» Exercise details
Lines of the listing that contain "into" need to be copied.

» Provided data
+ + + + +

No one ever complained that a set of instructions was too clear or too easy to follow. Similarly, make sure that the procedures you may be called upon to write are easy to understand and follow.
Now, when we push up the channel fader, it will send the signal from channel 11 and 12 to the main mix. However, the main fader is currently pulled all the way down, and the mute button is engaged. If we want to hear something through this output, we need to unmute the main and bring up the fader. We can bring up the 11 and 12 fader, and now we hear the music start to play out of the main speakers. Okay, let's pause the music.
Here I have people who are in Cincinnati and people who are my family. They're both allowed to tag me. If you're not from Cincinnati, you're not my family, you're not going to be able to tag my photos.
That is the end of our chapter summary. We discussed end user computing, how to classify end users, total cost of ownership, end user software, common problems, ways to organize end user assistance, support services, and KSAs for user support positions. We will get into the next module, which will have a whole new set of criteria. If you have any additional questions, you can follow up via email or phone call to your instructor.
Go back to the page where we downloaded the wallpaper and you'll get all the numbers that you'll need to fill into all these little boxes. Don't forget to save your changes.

+ + + + +

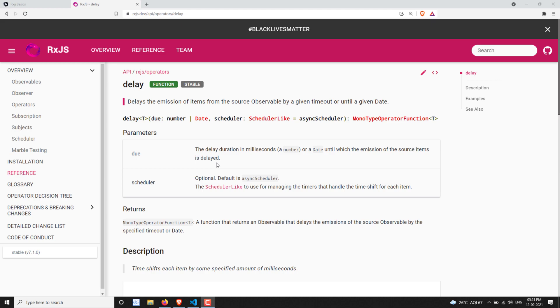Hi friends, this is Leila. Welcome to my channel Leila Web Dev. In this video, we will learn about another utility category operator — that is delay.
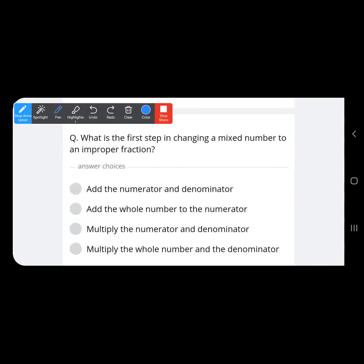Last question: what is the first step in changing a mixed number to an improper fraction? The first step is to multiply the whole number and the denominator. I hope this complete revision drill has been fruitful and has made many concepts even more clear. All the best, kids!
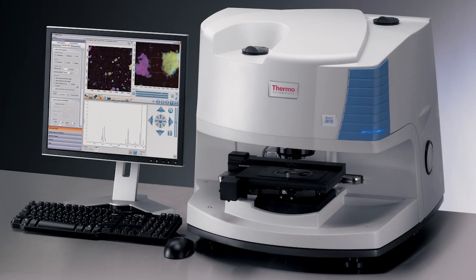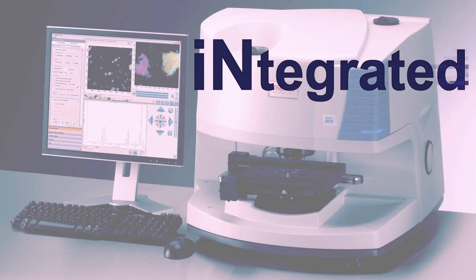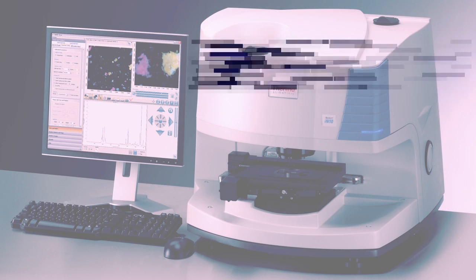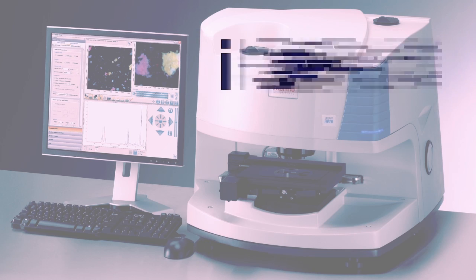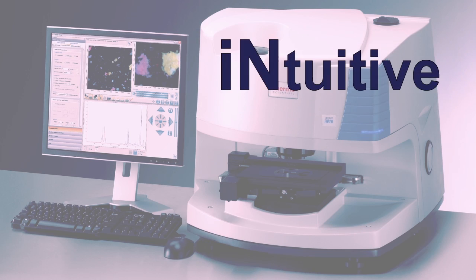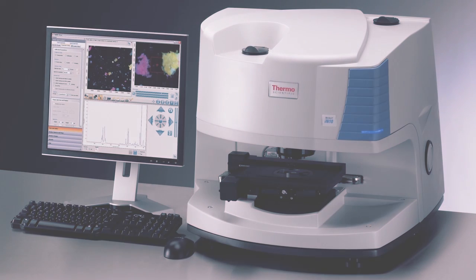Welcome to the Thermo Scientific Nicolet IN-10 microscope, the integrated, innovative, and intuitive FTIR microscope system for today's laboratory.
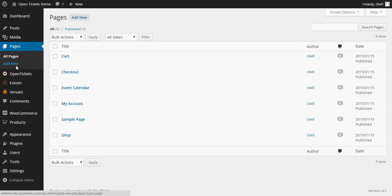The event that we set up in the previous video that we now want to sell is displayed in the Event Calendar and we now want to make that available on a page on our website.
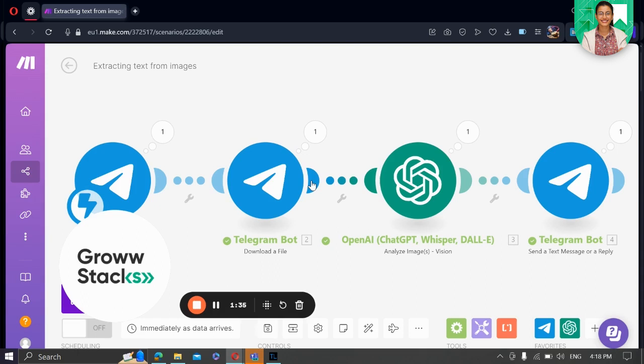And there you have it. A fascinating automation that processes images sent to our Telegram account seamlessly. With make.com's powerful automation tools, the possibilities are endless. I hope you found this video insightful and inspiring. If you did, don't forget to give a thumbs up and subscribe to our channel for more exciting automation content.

+ + + + +

» Solution for this exercise
That is the end of our chapter summary. We discussed end user computing, how to classify end users, total cost of ownership, end user software, common problems, ways to organize end user assistance, support services, and KSAs for user support positions. We will get into the next module, which will have a whole new set of criteria. If you have any additional questions, you can follow up via email or phone call to your instructor.
Go back to the page where we downloaded the wallpaper and you'll get all the numbers that you'll need to fill into all these little boxes. Don't forget to save your changes.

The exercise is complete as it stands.